Daily Times Editorial March 27, 2010

Nawaz’s betrayal

The unexpected and inexplicable are the warp and woof of our national life. In politics in particular, all that is seemingly solid melts into the air, that air is thick with the fog of confusion, vested interests and lobbies reign supreme, and principle is banished from our shores. The reference here is obviously to the last minute u-turn and betrayal of democracy perpetrated by none other than our very own Nawaz Sharif. The constitutional reform committee under Senator Raza Rabbani, comprising representatives from all the parties in parliament, including the PML-N, has been burning the midnight oil for the last nine months to get a consensus document agreed to take the form of a bill that will go down as the 18th constitutional amendment. The final agreed draft, with which not everyone on the committee was equally happy, that being the nature of a consensus between disparate points of view, was ready to see the light of day after all that sweat and toil and be presented in a joint session of parliament to be addressed by President Asif Ali Zardari yesterday. On the eve of this historic endeavour to undo the nastiest bits of the 17th amendment and all the other distortions in the constitution authored by Generals Musharraf and Zia, keeping in mind the spirit and letter of the Charter of Democracy signed by the PPP and PML-N, the latter’s ‘chief’ decided to do some scalping of his own. Expressing ‘reservations’ on the agreed draft, Nawaz unashamedly backed out of his party’s commitment to support the 18th amendment bill. As even a child knows, without the support of the PML-N, the necessary two-thirds majority in parliament for passing a constitutional amendment is an impossibility at present. That effectively means that Nawaz has sabotaged the labours of not only all the other parties on the reform committee, but even cut the rug from under the feet of his own representatives on the committee, forcing them to go ‘underground’ and hide their faces, whether out of shame or embarrassment or both, is irrelevant. Even senior leaders of the PML-N were seen and heard to be in a state of utter shock and confusion, which belies the afterthought that unresolved issues had been discussed in the party’s top leadership meeting, and hence the volte face.
A closer examination of the mumbled ‘objections’ of the Raiwind Mian however reveals not much substance, and a great deal of mealy-mouthed post-facto justifications. The two issues Nawaz referred to on which he had ‘reservations’ were the new process of judges’ appointments envisaged in the draft, and the issue of the renaming of NWFP province.

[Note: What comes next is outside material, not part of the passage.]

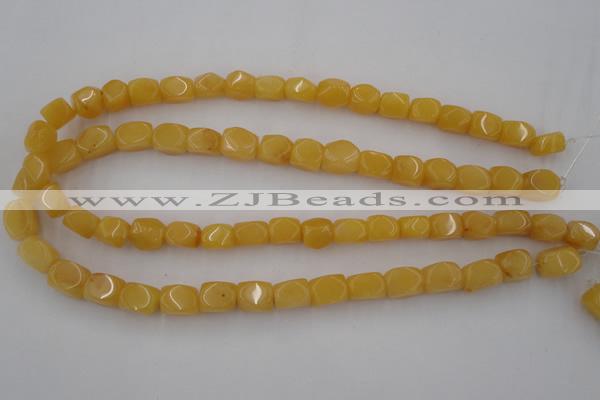 CNG807 15.5 inches 9*12mm faceted nuggets yellow jade beads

One the former, the thrust of the document takes the procedure out of the exclusive domain of one individual (the Chief Justice, as the recent furore over appointments of superior courts judges showed) and places it squarely in a broad based institutional framework that not only seeks the advice of the Chief Justice and the superior courts’ senior judges, but also takes on board the government, opposition, Bar, etc. A consensus on candidates for the superior judiciary in such a forum and through such a transparent procedure promises to lay to rest the controversy that has dogged our history of the manipulation by now one side, now the other, of appointments in the superior courts. Where is the harm in that, especially since the PML-N’s own representatives agree with that appointments procedure? On the question of renaming NWFP, there has been a hiatus because the long awaited and promised meeting between Nawaz Sharif and the ANP leader Asfandyar Wali has still to take place because of Nawaz dragging his feet. The ostensible excuse till now was that he had been travelling, but now the cat is out of the bag. PML-N’s NWFP contingent is uneasy with the ANP-suggested name of Pakhtunkhawa. Is it not a matter of record though that the ANP has publicly committed itself to being flexible on the issue, even being prepared to contemplate a hyphenated name to take account of the Hindko speakers of the province? How then, can that be the reason for Nawaz’s betrayal?

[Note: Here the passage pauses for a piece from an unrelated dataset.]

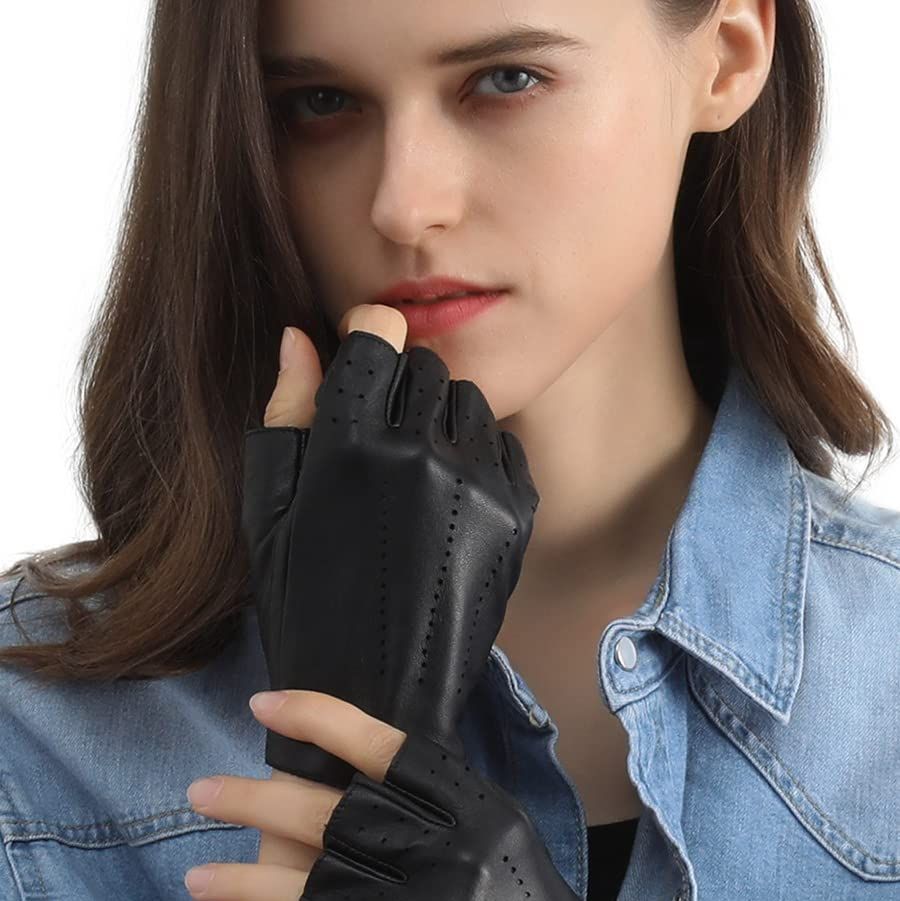 Fingerless Leather Motorcycle Gloves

The only explanation that makes any sense is that some power or agency outside the loop of the deliberations of the constitutional reforms committee has either persuaded, or worse, browbeaten the lion of Raiwind until he has taken on the appearance and character of a cat fished out of the water. The speculation that this could also be an attempt to deny the president the credit of addressing a historic joint session poised to wrinkle out the distortions introduced by military dictators in the constitution and thereby gain political capital and stature, may just be a by-product of the all too real sabotage of democracy that can now be squarely laid at the door of Nawaz Sharif.
The reactions across the board, barring a few squeaks of support from those on the margins of the political spectrum, have universally condemned Nawaz’s betrayal of the principles of democratic consolidation agreed to in the Charter of Democracy as well as his failure to see what impact his selfish and provincial stance will have in the country. It is obvious that the three smaller provinces, with most aggrieved NWFP in the forefront, are barely hiding their anger and affront behind polite words and relatively restrained criticism. Even in his ‘home’ constituency Punjab, no democrat, let alone those of a pro-people orientation, will easily forgive this treachery.